In WA (the Aus version), we have several schools per year ask us to draw up maps of their school for their own orienteering program (or in some instances they hire our instructors) but requesting use of the school outside of their program for our own use seems to hit a brick wall more often than not.
Calgary's junior orienteering program attracted a good number of home schoolers, probably for the reasons gordhun mentions. Quite enthusiastic, I recall.
To answer Guy's question, the Williston Central School used to teach orienteering but the primary motivator retired. Since than, they offer it if enough kids request it but the kids never do cause they don't know what it is. Still, at least the staff was familiar so, when we offered to do something for WOD, they decided, sure, why not.
As the event unfolded, the staff really got excited. They pushed the concept that what the kids were doing that day was part of something happening world wide. And, they told the kids how our boys, who had gone to that school, and been in those phys ed. classes, had been on the US team and traveled to other countries to compete. The best part of all though was the excitement from the kids finishing their courses, and I am 99.9% sure that the staff would love to have us come back and do it all again.

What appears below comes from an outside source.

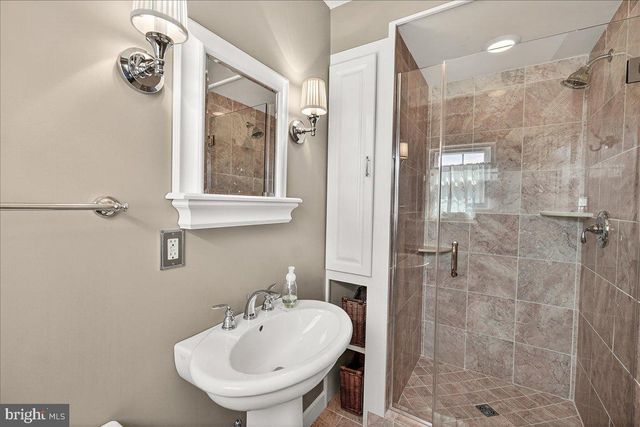 1000 RED HARVEST RD, Gambrills, MD 21054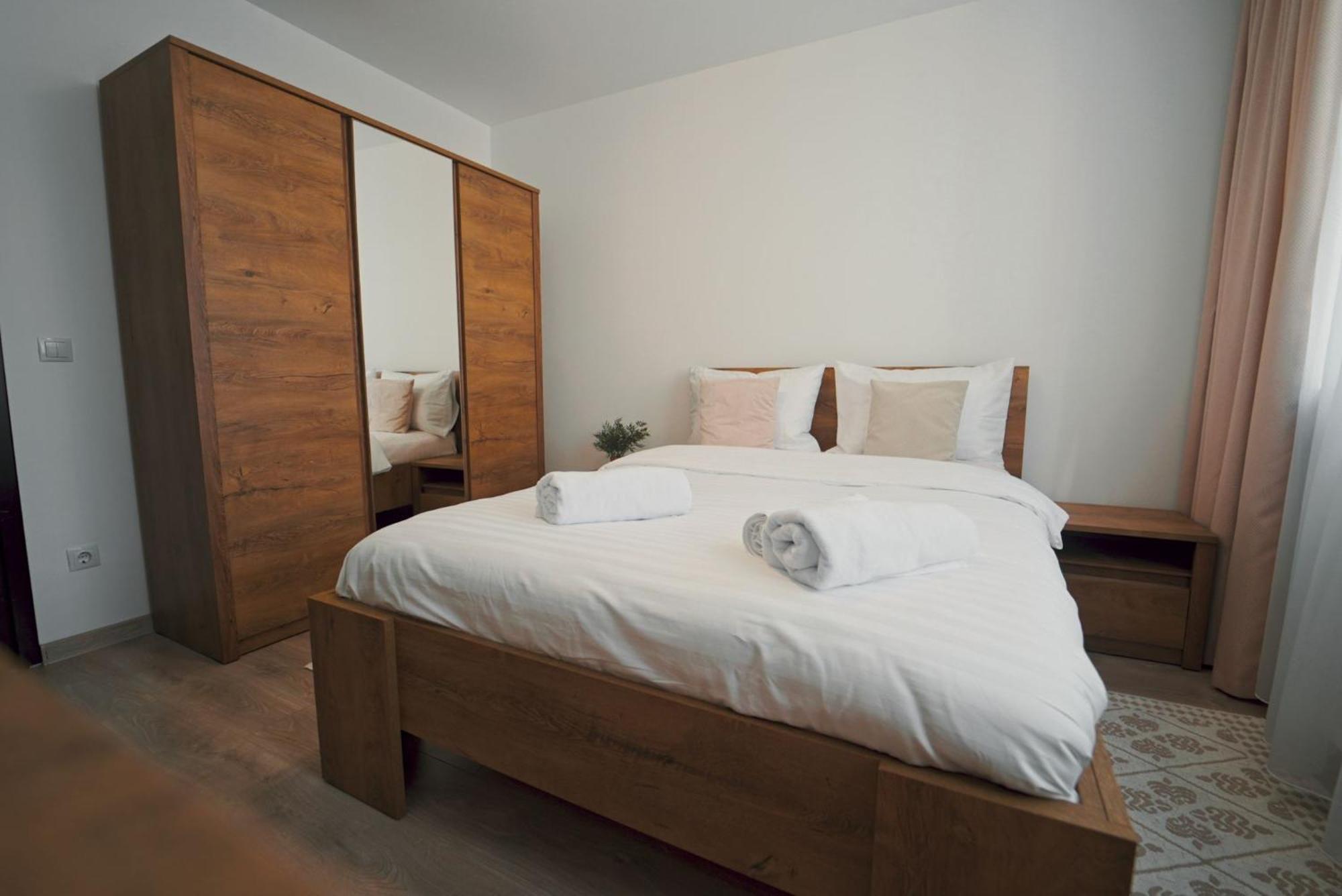 Luxury Apartament Ultracentral Of Suceava Esplanada Buitenkant foto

It's always the 0.1% that ruins it for everyone though.
My approach to finding schools was paying for a booth at various teacher conventions. I would sit there for 2 days and talk to anyone who stopped by. I would get quite a few interested people the first few years and some of those turned into clients.
These days the market that seems to be the easy way in is through adventure classes. These teachers need activities for the semester or term to fill out their schedule. they do rock climbing, biking, canoeing, caving, etc and have a small budget to pay for a few of the activities. Those are the teachers I would suggest approaching first. Attend their convention, if they have one, or ask to speak to that teacher at the school.